How to get help with your startup
1 Nov 2023
When you’re just starting out, and you’ve got nothing to work with, you need a whole lot of help. You need money. You need hands on deck. You need intros, clients, advice and just about everything else.
So how do you get help?
Well, the simple answer is you ask. Everyone. All the time. Like a rash.
There’s no ‘eureka!’ here. It’s just about being a badass who’s prepared to look like a fool or be ignored over and over again, for the greater good.
But there’s good news… People want to help. A lot more than you think. Social psychologist Heidi Grant, author of Reinforcements: How to get people to help you, says “People wildly underestimate the odds that others will help us”.
Tip: Ask for ‘a favour’ or ‘help’, and only after they’ve said yes, tell them what you want them to do.
Many studies have shown that asking for help - using that word, or similar words - first, and only then circling back to say what you need them to do, is more effective than asking for the thing itself right off the bat.
Biologists further back this. It is common knowledge among neuroscientists that blood Dopamine levels (the hormone most-responsible for feelings of happiness, drive and satisfaction) increase dramatically when we do selfless things.
In other words, humans have a neurochemical bias to be amenable to helping each other! We’re wired to help each other, so if you’re bold enough to ask, you’re working with biology, not against it.
Tip: Be specific with what you want.
People want to help, but they don’t want to be used or manipulated. “Let’s connect” or “I’d love to chat” are terrible things to ask for. Because they know you don’t just want to ‘chat’, that you have a real agenda but are trying to sneak your way in.

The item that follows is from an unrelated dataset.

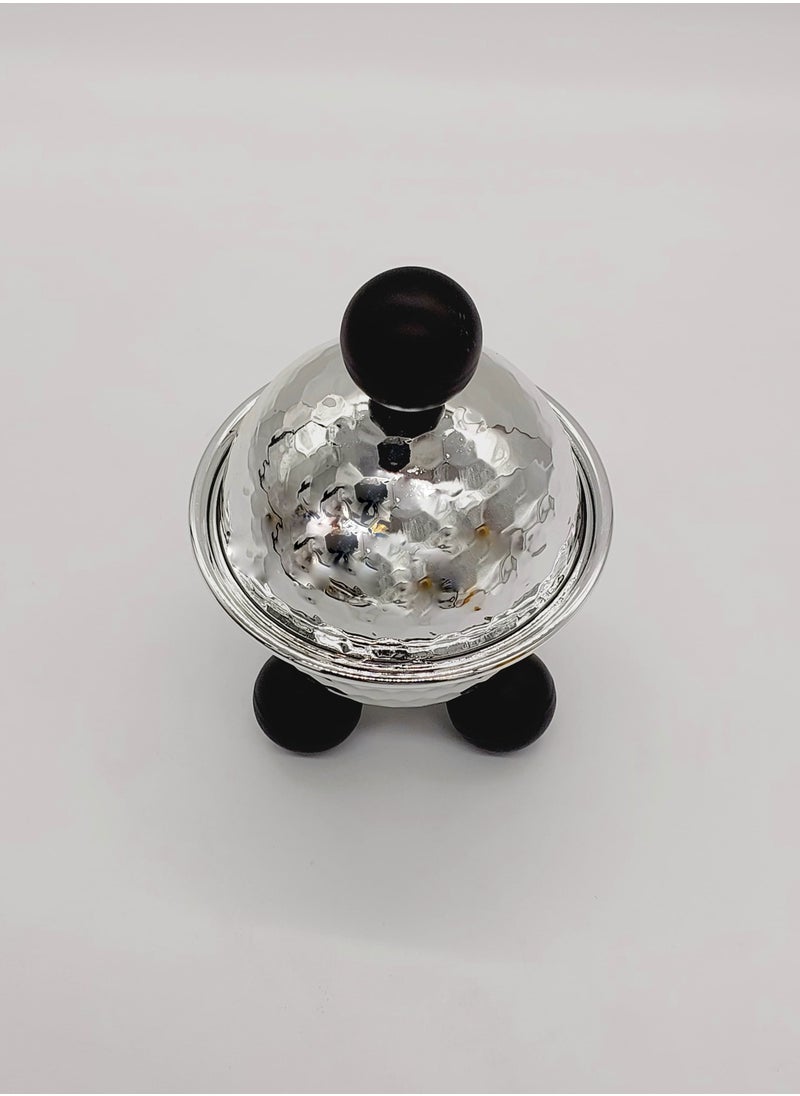 Decoration Candy Bowl  With Lid steel&black colors 16cm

And other tip: Make it personal.
People want to feel like they’re special. Asking 100 people for the same thing isn’t going to get you anywhere, because they’re just a number to you, they aren’t being singled out as someone who who really want help from. So make your requests personal, like you really want this specific person’s help.
There are platforms out there to help you get help. Like Kintro, and marketplace for advice where you can get intros to people who can help you, from your existing network. You can also just resort to good old fashioned email, and bear the tips above in mind.
So there it is - an uninspiring but implicitly accurate explanation of how you can be more successful in getting people to help you.